**WHAT IS EXPECTED:** With pictures omitted, restate the data word for word.

**SUPPLIED MATERIAL:**
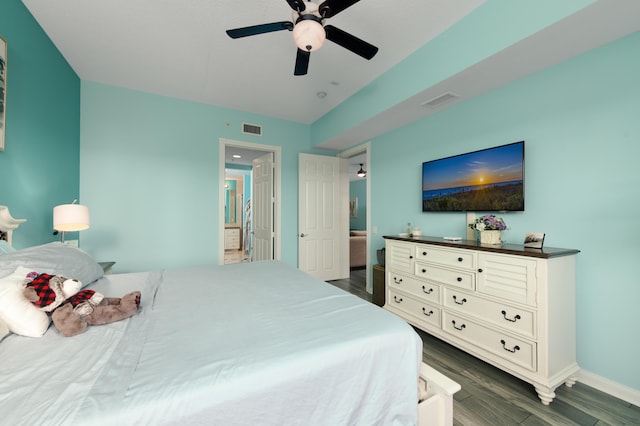 bedroom with dark wood-style floors, baseboards, visible vents, and a ceiling fan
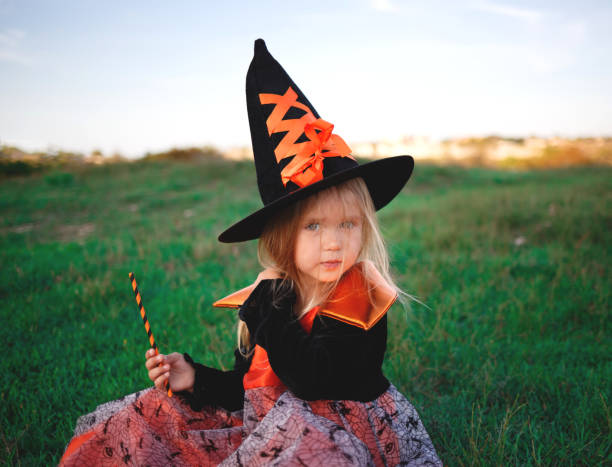 istock little girl dressed as a witch celebrates halloween 1281014799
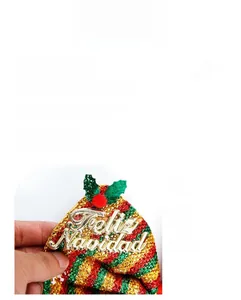 Detail of Christmas headband featuring sequins and Feliz Navidad greeting text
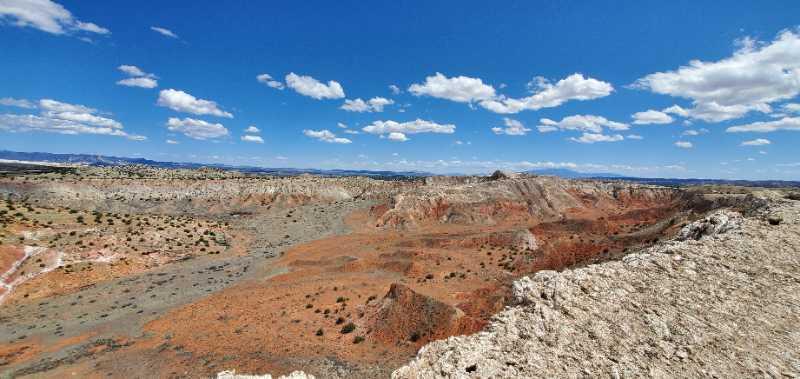 A panoramic view of a rugged, colorful landscape featuring layers of red and gray earth, with sparse vegetation and a dramatic blue sky dotted with white clouds. The terrain shows various geological formations and valleys, capturing the essence of a remote, arid environment. White Ridge Bike Trails mountain bike trail.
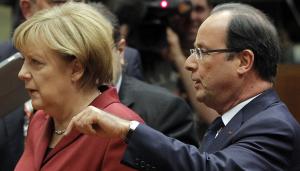 French President Francois Hollande, right, speaks with …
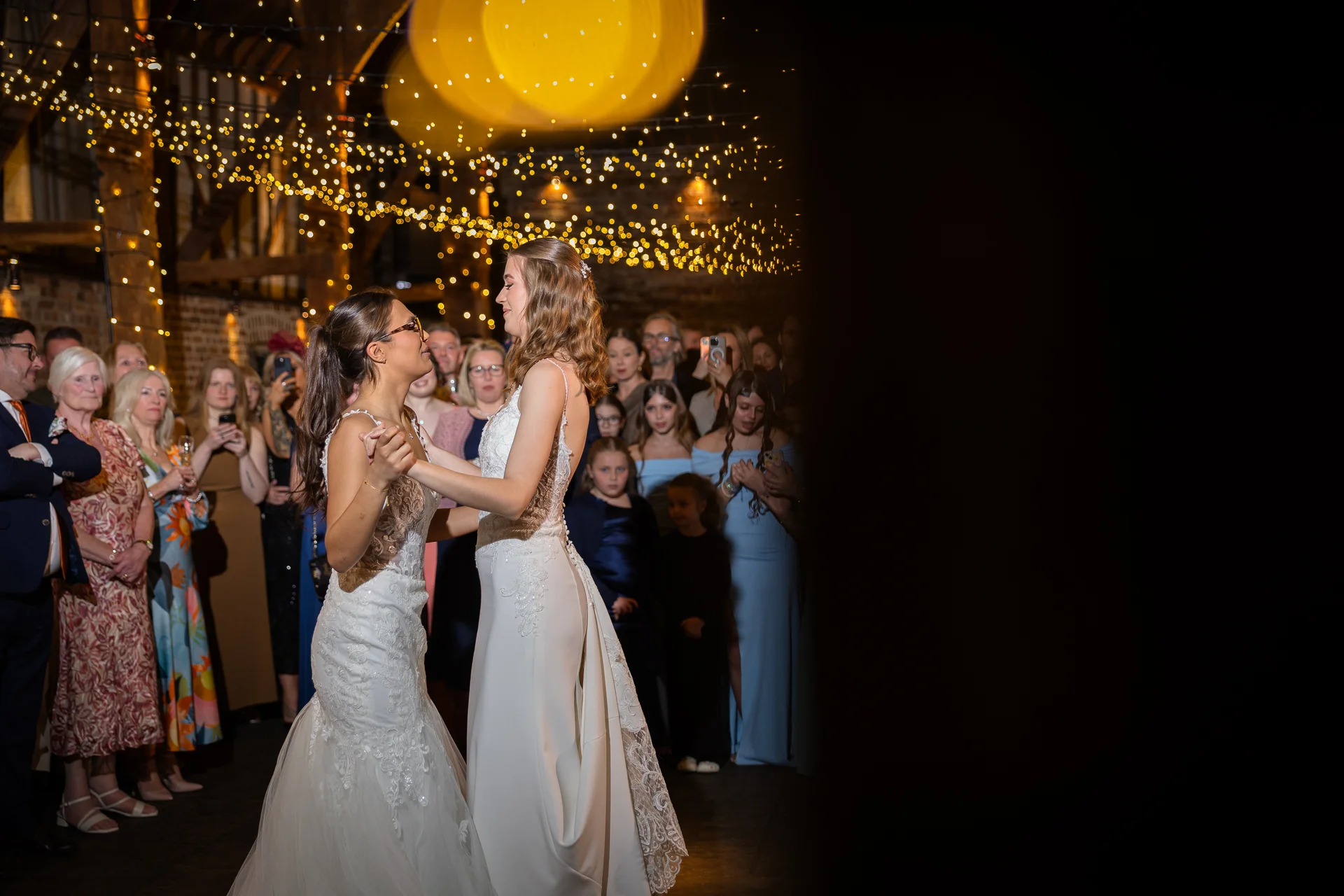 Two brides share their first dance together inside a rustic barn illuminated by a warm fairy light canopy while wedding guests watch.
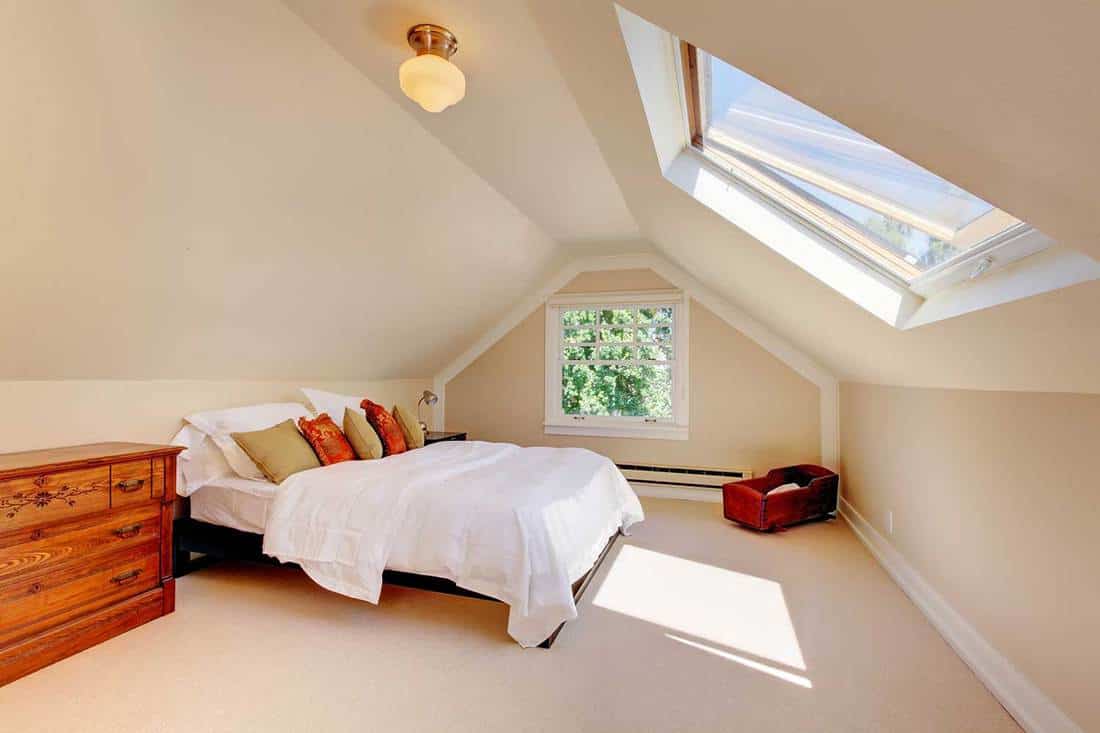 Attic modern bedroom with white bed and skylight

**EXPECTED OUTPUT:**
 bedroom with dark wood-style floors, baseboards, visible vents, and a ceiling fan
 istock little girl dressed as a witch celebrates halloween 1281014799
 Detail of Christmas headband featuring sequins and Feliz Navidad greeting text
 A panoramic view of a rugged, colorful landscape featuring layers of red and gray earth, with sparse vegetation and a dramatic blue sky dotted with white clouds. The terrain shows various geological formations and valleys, capturing the essence of a remote, arid environment. White Ridge Bike Trails mountain bike trail.
 French President Francois Hollande, right, speaks with …
 Two brides share their first dance together inside a rustic barn illuminated by a warm fairy light canopy while wedding guests watch.
 Attic modern bedroom with white bed and skylight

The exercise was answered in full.